Descrizione: Il ritratto di una famiglia francese nell'Indocina degli anni trenta e una storia d'amore fra una adolescente francese e un uomo cinese.

Categoria: Letteratura femminile

Editore: Feltrinelli

Collana:

Anno: 1988

ISBN:

Recensito da Lucilla Parisi

Le Vostre recensioni

Il corpo di Hélène Lagonelle è pesante, ancora innocente, la morbidezza della pelle è quella di certi frutti, quasi al di là della percezione, illusoria, sconvolgente. Hélène Lagonelle fa venire voglia di ucciderla, fa balenare il sogno meraviglioso di darle la morte con le proprie mani. Porta inconsapevolmente quelle forme di fior di farina, le esibisce per mani che le impastino, per bocche che le mordano, senza trattenerle, senza conoscerle, senza conoscerne il favoloso potere. Vorrei mordere i seni di Hélène Lagonelle, come lui morde i miei, nella camera della città cinese dove ogni giorno vado ad approfondire la conoscenza di Dio. Esser divorata da quei suoi seni di fior di farina“.

Le parole di Marguerite Duras si spalmano sulla pagina come fossero cibo da gustare.
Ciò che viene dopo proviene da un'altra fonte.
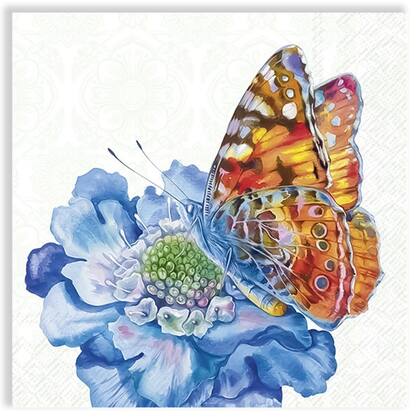 Imagem de Guardanapo para Decoupage Ihr 33x33 Borboleta Graciosa Azul C/ 20 Unidade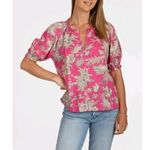 Dylan  Clothing Mia Floral Blouse‎ Pink Size XSmall Preppy 100% Cotton Top Photo 8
Assaporare gli attimi di erotismo tra la ragazzina “bianca” di Saigon e il suo amante cinese è quasi inevitabile. Momenti rubati alla vita e consumati nell’intimità claustrofobica di una garconnière. In quel luogo di amore e perversione si prendono i loro corpi risucchiati dal desiderio disperante, per lasciarsi sfiniti e sanguinanti.

Fuori, il rumore della città è vicino, “si strofina contro il legno delle persiane. Sembra che la gente attraversi la stanza“. Oltre quelle persiane e quegli incontri clandestini, al di là dei loro corpi, ci sono due vite tanto distanti quanto egualmente infelici, dove l’indigenza imbarazza almeno quanto la ricchezza, dove il diverso colore della pelle invita a tenere le distanze. Due mondi che si incontrano ma non si confondono, in una società dove ciascuno occupa, dalla nascita, il proprio posto.

Di fronte ad un destino che procede ineluttabile verso la fine, i due amanti consumano il loro desiderio con lentezza, rispettando un rituale di gesti e silenzi, necessari ad ingannare il tempo della loro separazione.

Guardavo quel che faceva di me, come si serviva di me, non avevo mai pensato che si potesse farlo in quel modo,andava oltre le mie aspettative, assecondava il destino del mio corpo. Così ero diventata la sua bambina. Anche per lui ero diventata qualcosa di diverso“.

Non c’è spazio per sentimentalismi, per frasi d’amore o per promesse. Non c’è tempo neppure per la sofferenza, solo pianti vani, strozzati, rabbiosi.

Marguerite Duras tratteggia il suo passato come fosse un album di scatti sbiaditi, lontani. Alcune immagini suscitano nella scrittrice ricordi vivi e dolorosi, altre appaiono volutamente più sfumate, per la paura – sembra – di essere travolta dalla violenza di emozioni riposte, superate, dimenticate. Talvolta guarda dall’esterno quella ragazzina bianca, provando compassione e tenerezza per la sua umana fragilità, incapace – nonostante le apparenze – di affrontare con distacco il suo amante, fino a piangere di rabbia “all’idea di non poter cambiare la sorte“. Quando invece il ricordo si fa vivo, ritroviamo passi di un erotismo delicato e sapiente, come nelle descrizioni dei corpi dell’amante o della compagna Hélène o quando il piacere crescente dell’orgasmo diventa un “mare, sconfinato, semplicemente incomparabile“.